● Work item
In the records below, the relevant part opens with the line containing "Wow Stunning Oriental" and closes with the line containing "Bed and Breakfast"; print that part exactly and only, without its pictures.

● Record excerpts
##########
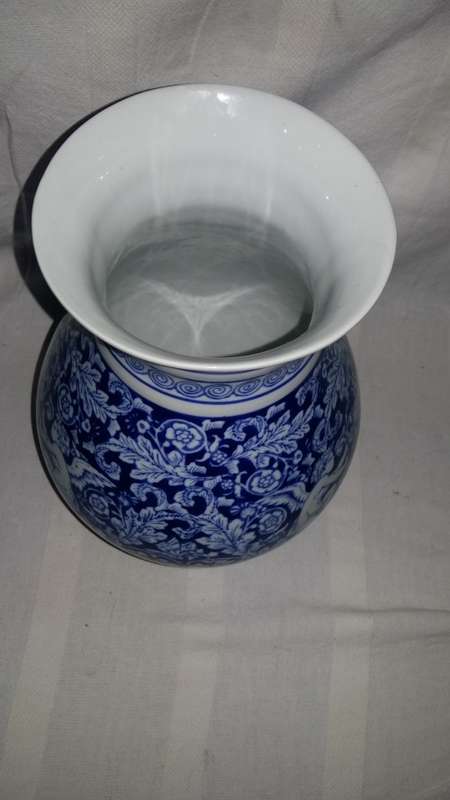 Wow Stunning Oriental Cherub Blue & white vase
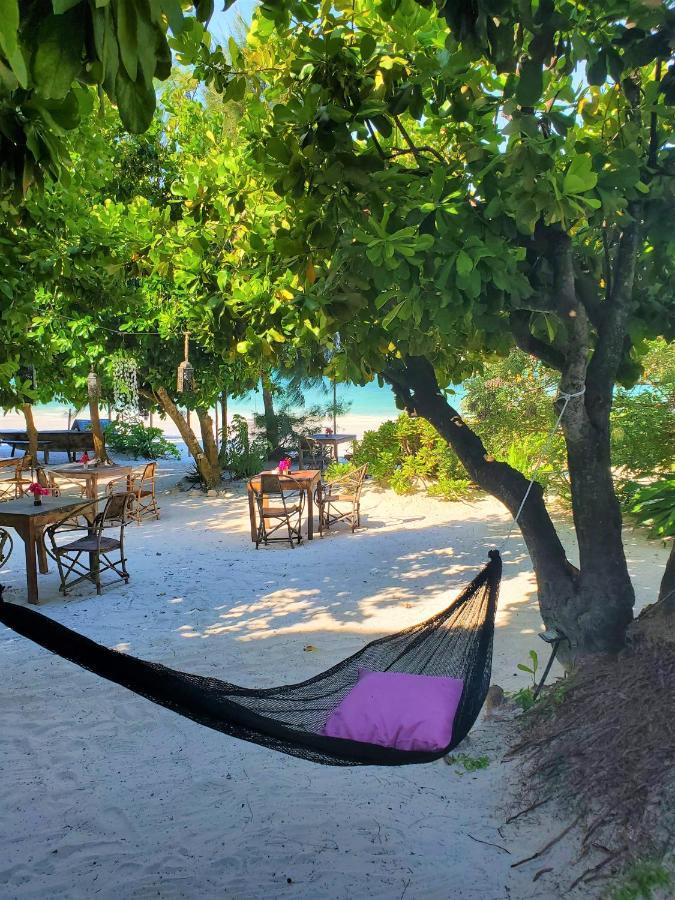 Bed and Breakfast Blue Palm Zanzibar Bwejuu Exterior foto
##########
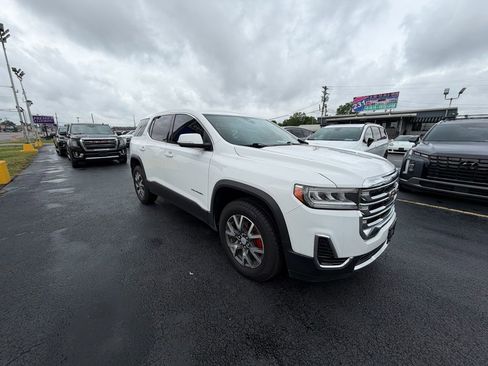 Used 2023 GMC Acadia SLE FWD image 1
##########
● Expected output
 Wow Stunning Oriental Cherub Blue & white vase
 Bed and Breakfast Blue Palm Zanzibar Bwejuu Exterior foto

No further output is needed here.